- Directed by: Sinem Saban Damien Curtis
- Music by: John Butler
- Release date: August 2010;
- Running time: 73 minutes
- Country: Australia
- Language: English

= Our Generation (film) =

Our Generation is a 2010 Australian documentary film about the struggle of Aboriginal Australians in the Northern Territory to retain their land, culture and freedom.

==Overview==
Our Generation analyzes relations between Aboriginal Australians and European Australians, from the beginning of colonisation until the present day and looks at ongoing Government policies of paternalism and forced assimilation, explores some of the issues underlying current Aboriginal disadvantage, and upholds the right of First Australians to dignity, culture and empowerment in their own country.

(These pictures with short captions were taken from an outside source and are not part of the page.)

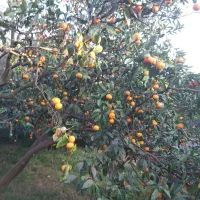 نارنگی محلی اونشو جویبار|خوردنی و آشامیدنی|کوهیخیل, |دیوار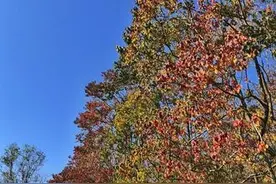 隐藏在乡野之间的这片黄栌，给秋天上了颜色图片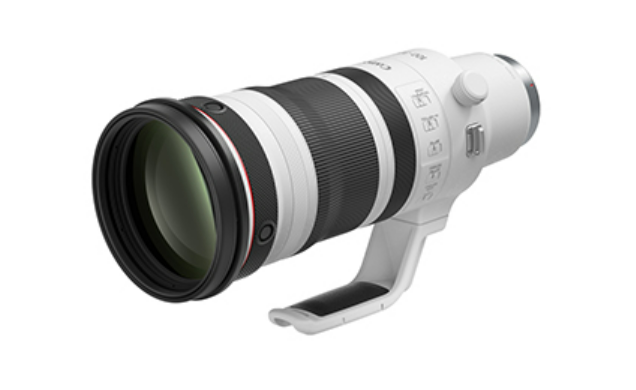 EOSで野鳥撮影 RF300-600mm F5.6L IS USMの噂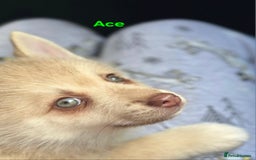 Pomsky dogs for sale: Ready now -Stunning F4 Pomskies, 6kg as adults  - Image 25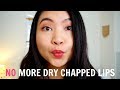 GET RID OF DRY CHAPPED LIPS FAST | How-To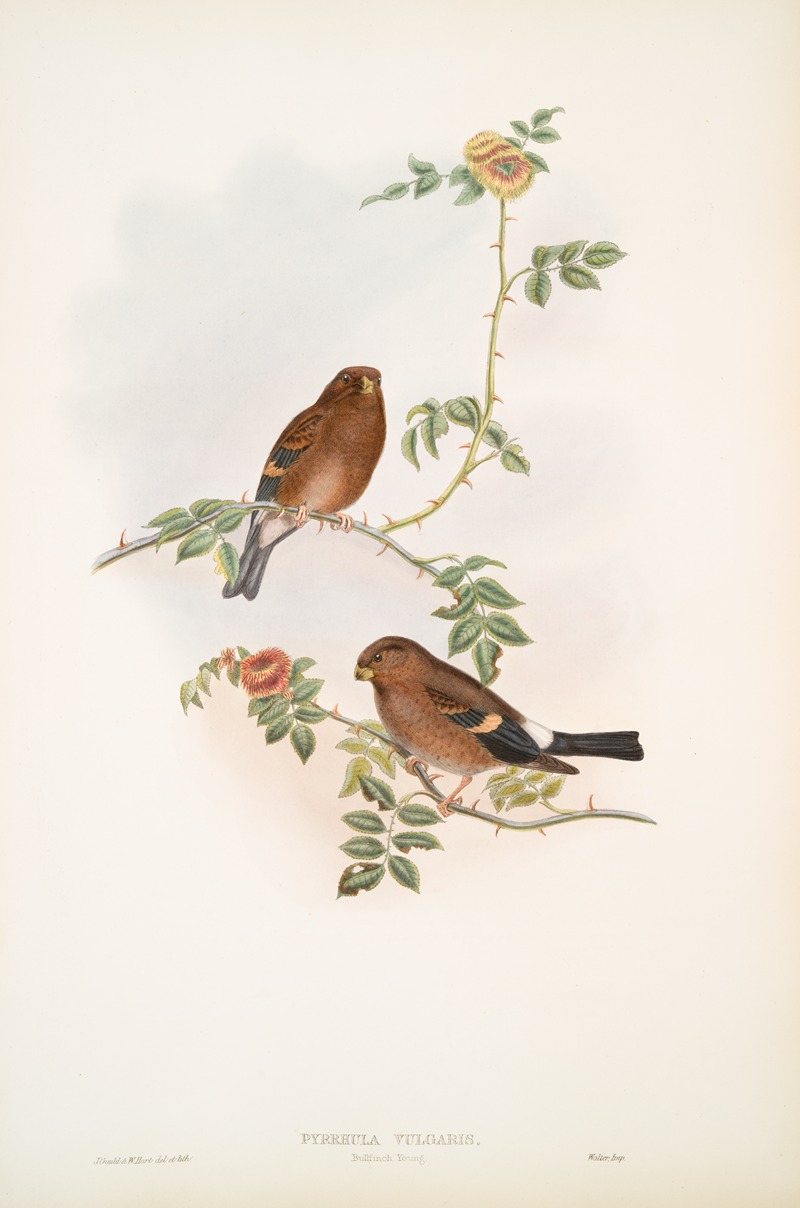 John Gould - Pyrrhula vulgaris. Bullfinch Young.
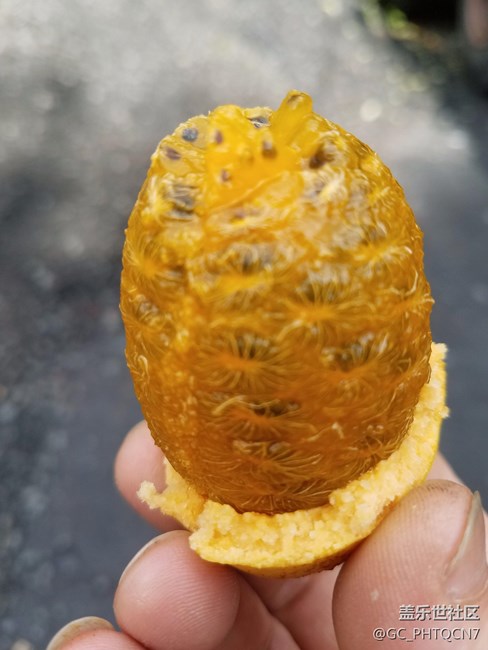 老林野果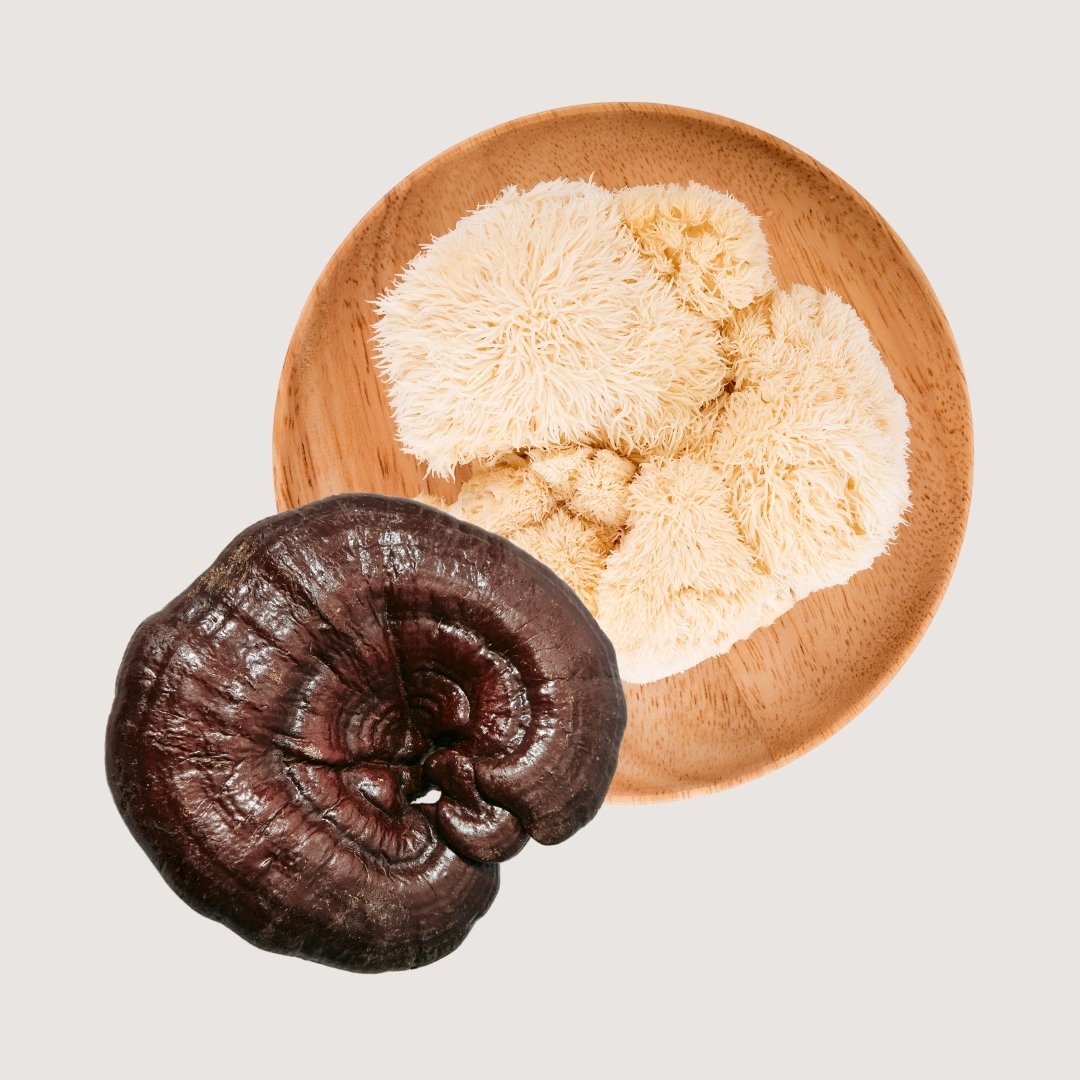 Hongos adaptógenos, hongos medicinales, hongo Reishi (Ganoderma lucidum), hongo Melena de León (Hericium erinaceus).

Throughout the documentary, many opinions and testimonies from members of the Yolngu people of Northeast Arnhem Land are shared.

The film also shows how Kevin Rudd's 2008 apology to the Stolen Generations has done nothing to alter the Australian Government's mistreatment of Aboriginal Australians. The Australian Government continues to undermine Aboriginal people's basic human rights, continuing to prevent and restrict their involvement in decisions which affect themselves and their communities, access to basic services, the ability to retain and maintain Aboriginal languages, and the ability to remain on their ancestral homelands.

==Issues==
Our Generation explores and raises awareness of some major modern issues faced by Aboriginal Australians.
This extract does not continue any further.